Alfonso Ossorio, Red Family, 1951. Oil and enamel on canvas, 77 x 59 in. Dallas Museum of Art. General Acquisitions Fund and Theodore and Iva Hochstim Fund.By DCist contributor Julia Langley
Sometimes exhibitions leave the viewer with more questions than answers, and that’s not necessarily a bad thing. Angels, Demons and Savages: Pollock, Ossorio, Dubuffet, now on view at the Phillips Collection, presents an opportunity to wonder about the relationships that nurture, support and promote creativity, as well as the paintings on view.
Angels, Demons and Savages sets out to investigate the relationship between three painters: American artist Jackson Pollock, French artist Jean Dubuffet and a lesser-known Philippine-born artist and collector named Alfonso Ossorio. Heir to a Philippine sugar fortune, Ossorio was a major collector of modern art and a highly capable artist in his own right. His ability to synthesize the abstract expressionist style of Pollock with Dubuffet’s art brut was not without success. The Phillips Collections takes a risk as it sets out to prove Ossorio’s work rises to the level of art world superstars Pollock and Dubuffet.
Ossorio, who left the Philippines as a young boy, spent his teen years at a boarding school in Rhode Island before entering Harvard University. He had his first one-man show in 1941 at Betty Parson’s Wakefield Gallery New York City. In 1949 Betty Parsons introduced Ossorio to Jackson Pollock. It was Pollock who recommended Ossorio meet Jean Dubuffet.
Through the years, Ossorio became a major collector of both artists, filling his estate in East Hampton, New York, with hundreds of their works, including Pollock’s famous painting, Lavender Mist (which Ossorio later sold to the National Gallery of Art). Photographs of Ossorio in his home show all three artists’ paintings, along with the work of other great abstractionists such as Clyfford Still. Ossorio had a great eye for art.
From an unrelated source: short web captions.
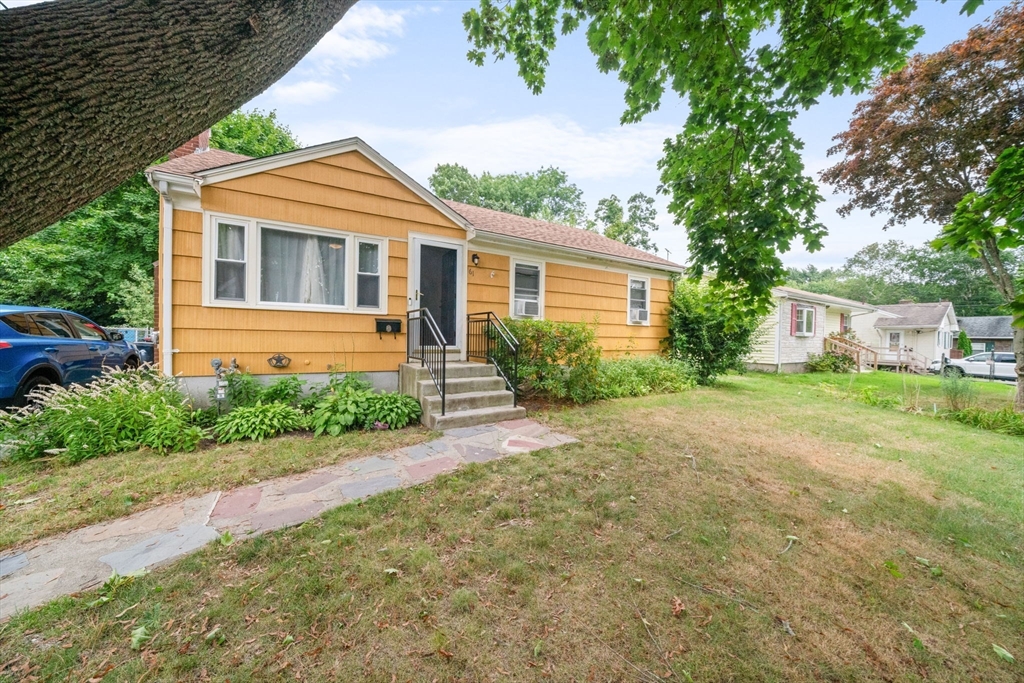 Sherman St, Brockton, MA 02302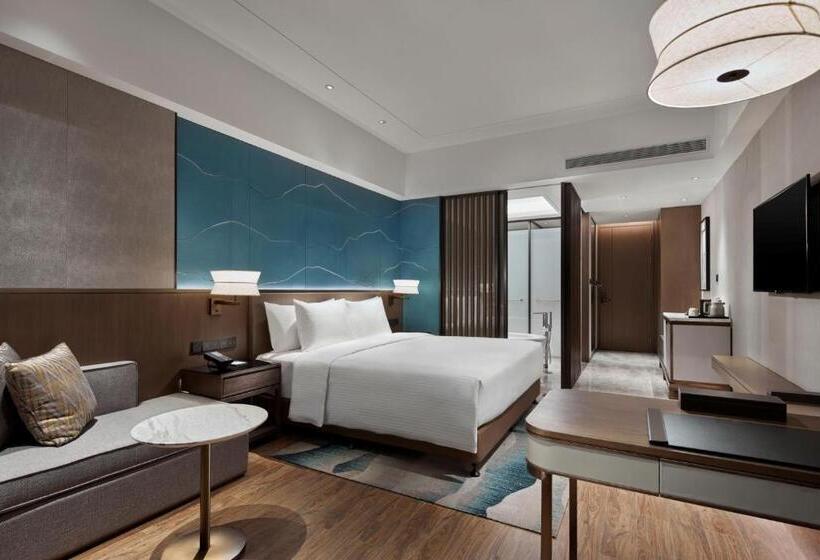 Hotel Dian Lake Steigenberger Kunming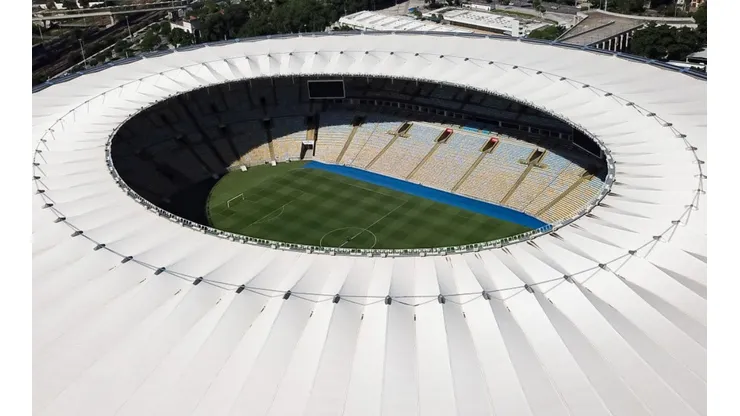 Foto: Buda Mendes/Getty Images - Estádio Maracanã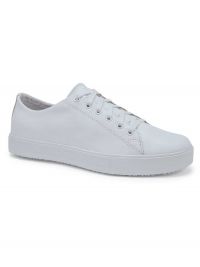 Occupational shoe Old School Low Rider IV white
To understand Ossorio’s own style of painting, it is helpful to see his work in the context of Pollock and Dubuffet, both of whom he clearly admired. One of the works on view is Red Family, an Ossorio painting from 1951. Emerging and receding amongst the skeins of paint, red figures float into and out of view, gently testing the boundaries of the canvas. Two small, child-like figures stand near the bottom, while two ghostlike parental figures and angel appear to be drifting away above them. Both bright and sad, Red Family speaks to issues of familial love and loss.
Nearby, Dubuffet’s Corps de Dame — Chateau de’Etoupe and Pollock’s Lavender Mist suggest to the viewer how Ossorio was affected by his friendships with, and patronage of, these artists. Red Family combines the all-over painting style of Jackson Pollock with the primitivism of Jean Dubuffet. That’s all good, of course, because art doesn’t exist in a vacuum. Each artist takes something from one who went before. Pollock’s early work, for example, owed a great debt to his teacher, Thomas Hart Benton.
This, of course, is not a teacher/student relationship. Ossorio had his first exhibition at Parson’s Gallery before Pollock showed with Peggy Guggenheim and before Dubuffet quit working in business and gave his life over to making art. So Ossorio deserves to be seen on his own merit. What, then, is Ossorio’s artistic legacy? Can he stand on his own with these two giants of modern art? The question the Phillips Collection tempts us to ask is, would we be looking at Ossorio’s work if he hadn’t been such an important collector of Pollock and Dubuffet?
To prove Ossorio’s viability as an artist, one room of the exhibition is devoted to showing pieces he created for a major art project in the Philippines in 1950. Ossorio had been commissioned to create a mural for the Chapel of St. Joseph the Worker in the mill town of Victoria. It was the first time the artist had returned to the Philippines since he was eight years old.
It all sounds promising until one learns that the person who commissioned the work was Ossorio’s own brother, Frederick. The Chapel of St. Joseph was part of the Ossorio family factory complex. That the Phillips Collection doesn’t mention this anywhere in the exhibition is unfortunate because it brings forth some uncomfortable questions about why it may have chosen to highlight this particular artist who happens to have amassed an enormous and highly valuable collection of modern art before he died. One can’t help but wonder what will happen to those works of art down the road.
If Angels, Demons and Savages: Pollock, Ossorio, Dubuffet falls short in its bid to show Ossorio as a talent on par with Pollock and Dubuffet, it does succeed in another way—it shows that the world needs collectors. People like Ossorio are necessary to support artists and buy their work and lend their work and stimulate dialogue. Pollock and Dubuffet were great artists.
Ossorio was a good artist and a great collector. Isn’t that enough?